Tak hanya itu, Dokter Tirta juga sempat menyindir pemerintah melalui unggahan berikutnya. Ia mengaku memilih berolahraga ketika merasa stres menghadapi berbagai situasi yang terjadi.
![Unggahan Dokter Tirta [X]](https://media.suara.com/pictures/original/2026/06/04/15258-unggahan-dokter-tirta-x.jpg)
“Dokter kalau stres ngapain? Asbun dan lari aja mas. Lari itu ga pake dollar. Pake kaki doang. Pull up pake otot, ga pake dollar. Jaya jaya jaya. Punggung harus bakoh, karena beban semakin berat,” tulisnya.
Komentar tersebut kembali memancing beragam reaksi dari netizen. Banyak yang menganggap unggahan Dokter Tirta sebagai bentuk kritik yang dibungkus dengan humor sehingga mudah dipahami oleh masyarakat luas.
“Sarkas-nya dapat banget, Dok,” tulis salah satu netizen.
Sementara itu, netizen lain mengaku merasa lelah dengan berbagai persoalan yang terjadi dan berharap adanya perbaikan dalam tata kelola pemerintahan.
“Pusing banget tiap hari jadi WNI, bisa nggak sih pemerintah pikirannya pada lurus dan bener, kapan dapat pemerintahan yang bersih,” tulis pengguna media sosial lainnya.
Ada pula netizen yang mengaitkan kondisi ekonomi dengan meningkatnya angka kriminalitas di lingkungan tempat tinggalnya.

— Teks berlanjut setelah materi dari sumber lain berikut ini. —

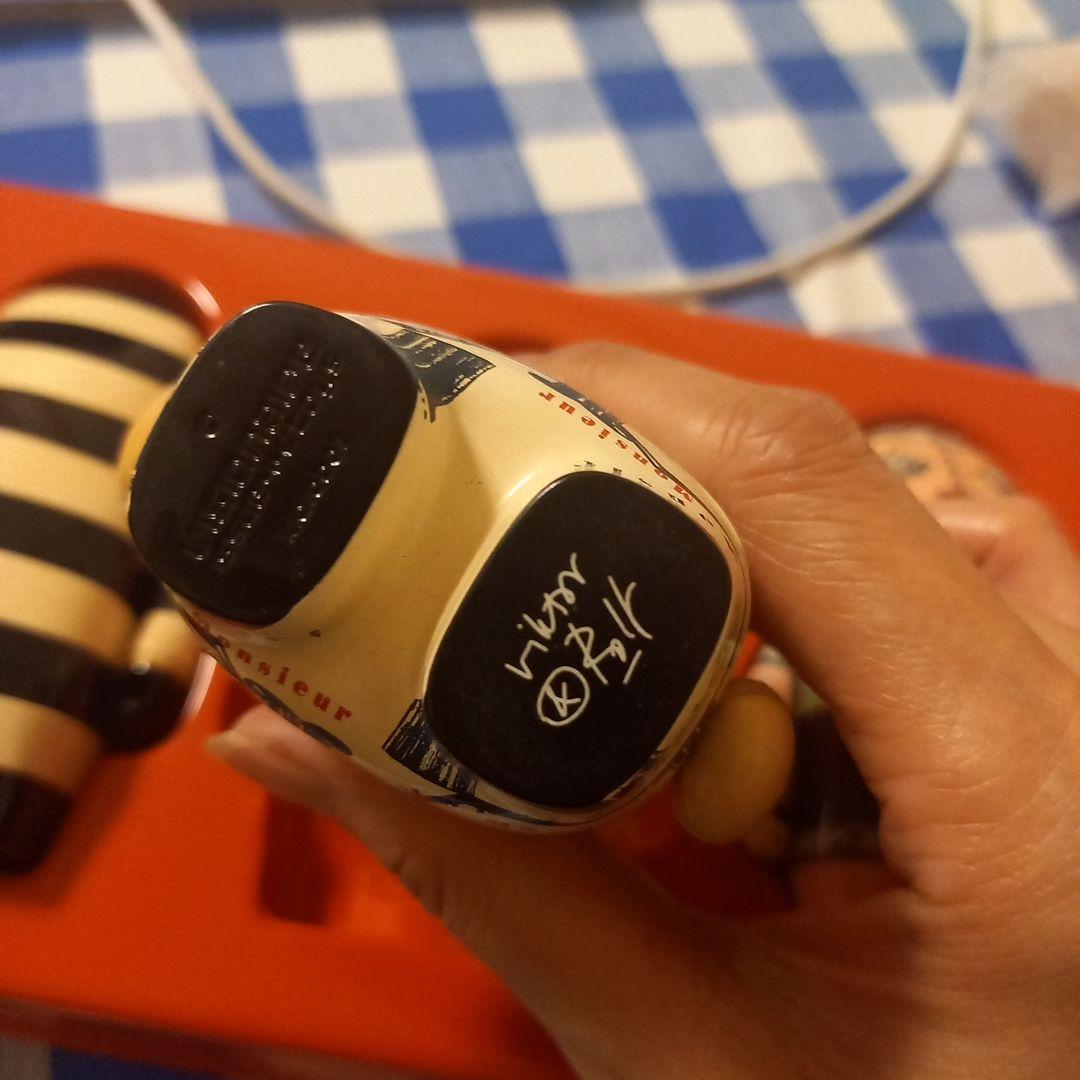 ルイヴィトンのフィギュア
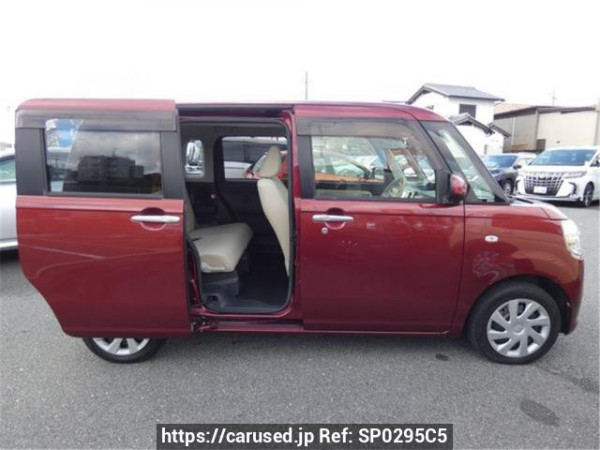 Used 2016 AT daihatsu move-canbus LA800S Image[1]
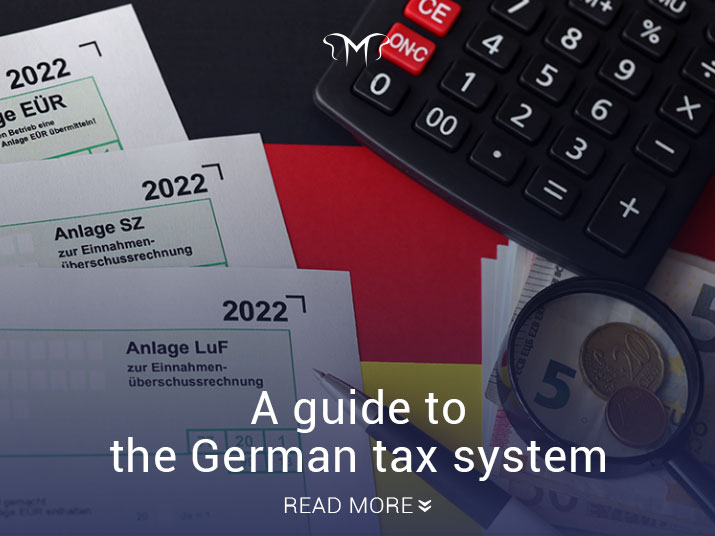 A guide to the German tax system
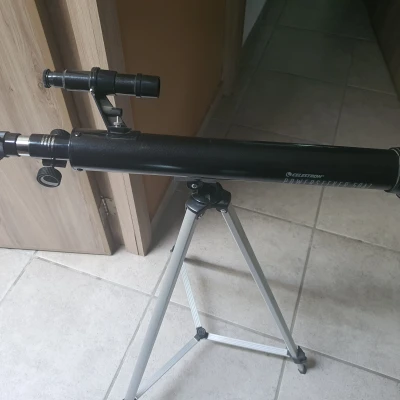 Adapter/Mount Gắn GoPro Hero 7 Lên Kính Thiên Văn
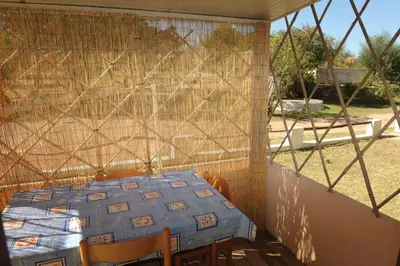 Planimetria di Camping Village Pedra e Cupa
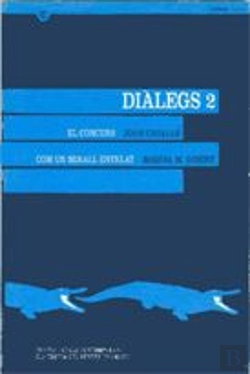 Bertrand.pt - Concurs. Com Un Mirall Entelat (Diàlegs 2)/El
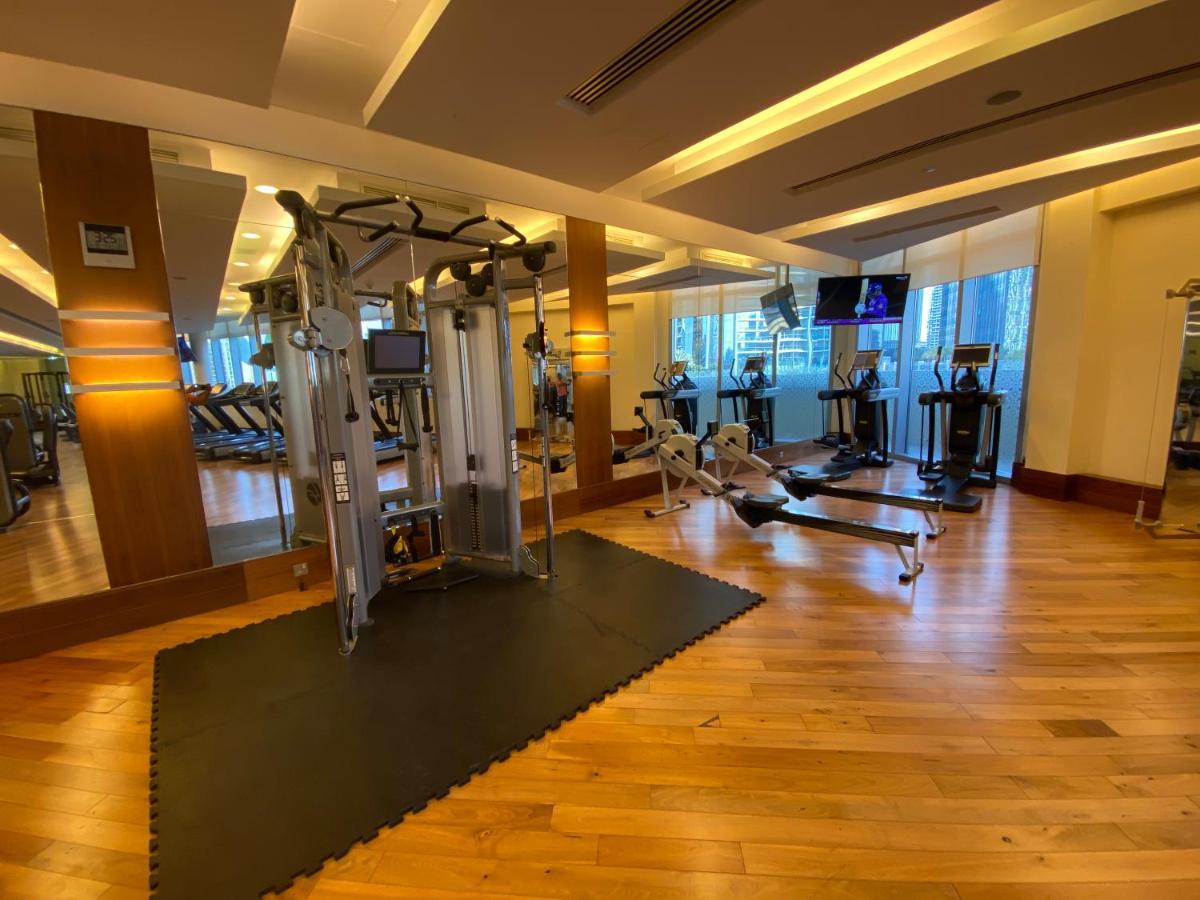 Superhost - Luxurious Apartment, 2-min From The Burj Khalifa - Address Mall Apartment Dubai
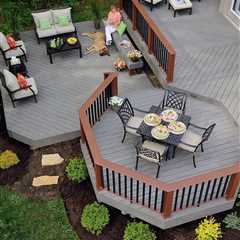 Adding Value to Your Home With Decks and Patios
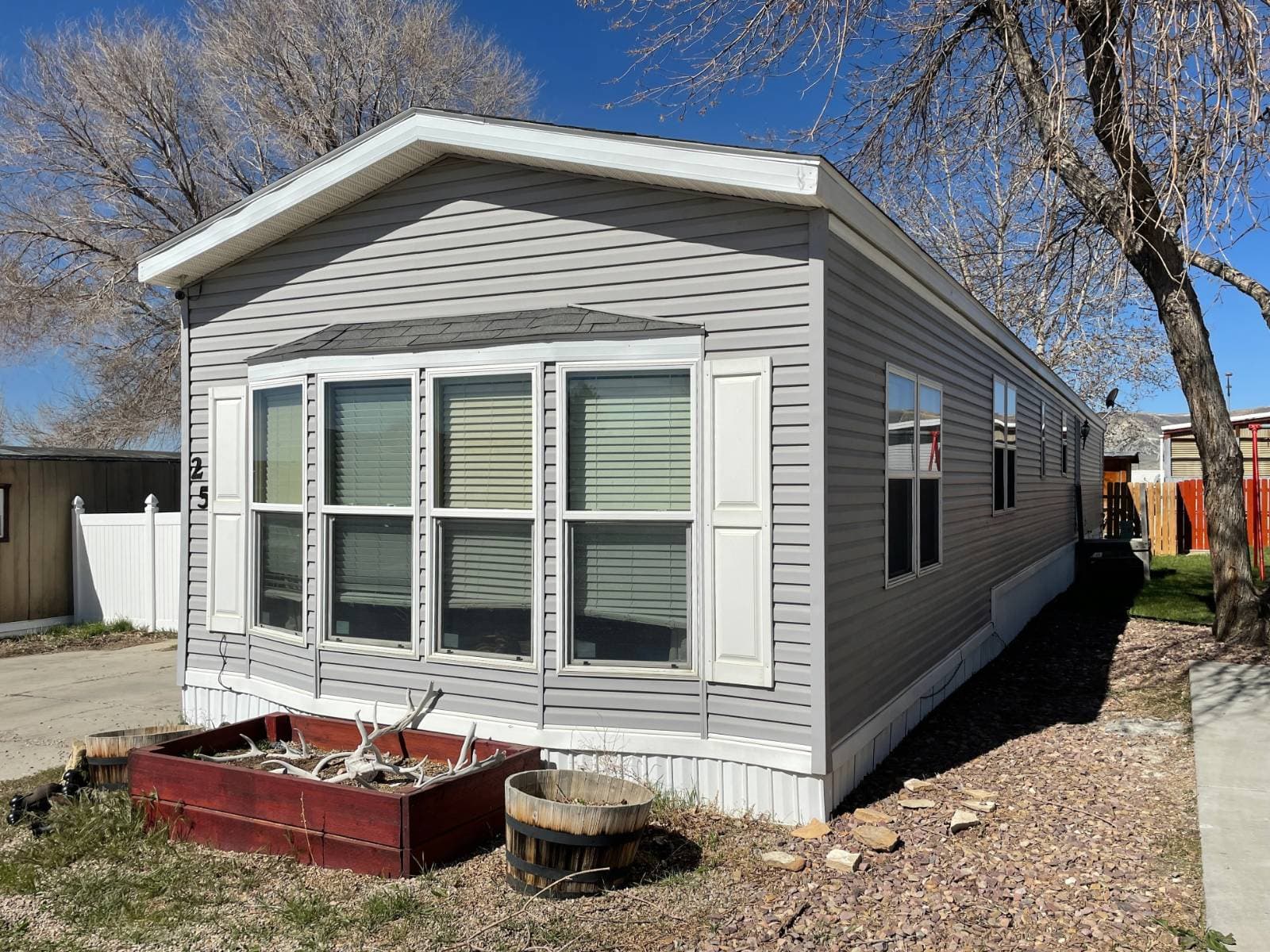 Manufactured home in Rock Springs, WY 82901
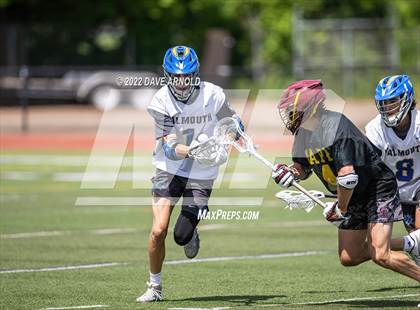 Thumbnail 3 in Cape Elizabeth @ Falmouth (MPA Class A State Final) photogallery.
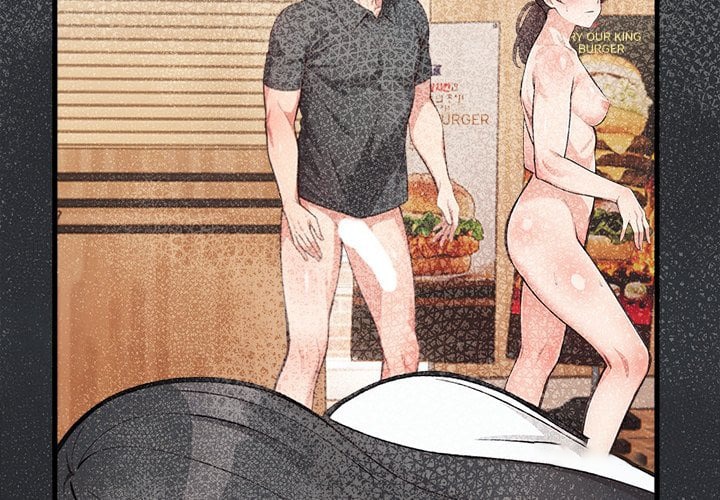 Trapped With My Boss - Chapter 8 [photo 3] - MangaPorn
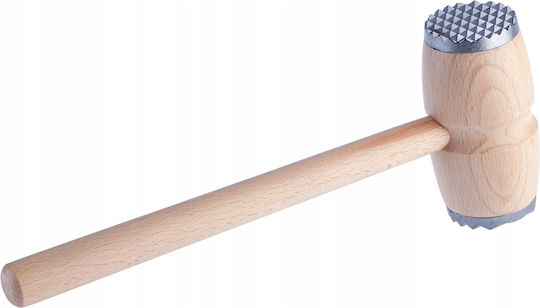 Kadax Wooden Meat Tenderizer Double-sided Mallet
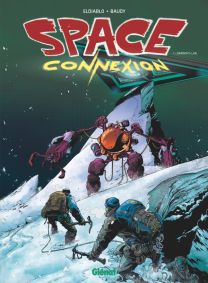 Space Connexion - Tome 01 - Glénat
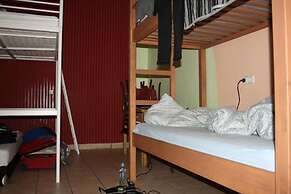 Lindsays Schlafmeile - Hostel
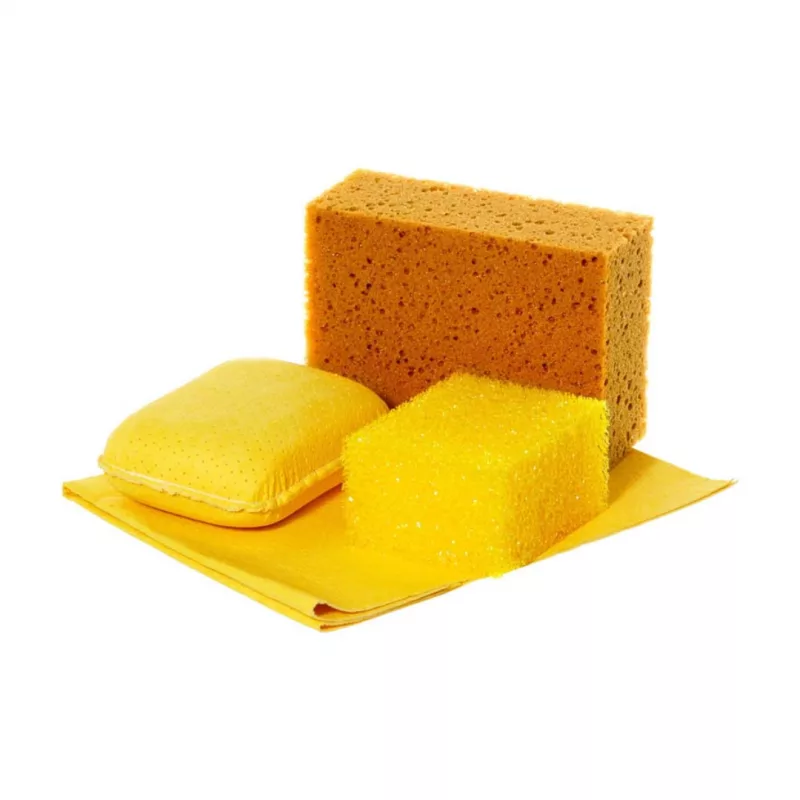 KIT ESPONJA DE 4 PIEZAS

“Di daerahku sekarang banyak banget jambret, Dok. Benar-benar sudah ngeri sekali ini dampak lemahnya ekonomi,” tulis seorang netizen.
Perbincangan mengenai pelemahan rupiah dan kondisi ekonomi nasional pun terus bergulir di media sosial.
Berbagai komentar bermunculan dari masyarakat yang menyampaikan keresahan, kritik, hingga candaan sebagai bentuk respons terhadap situasi yang sedang terjadi.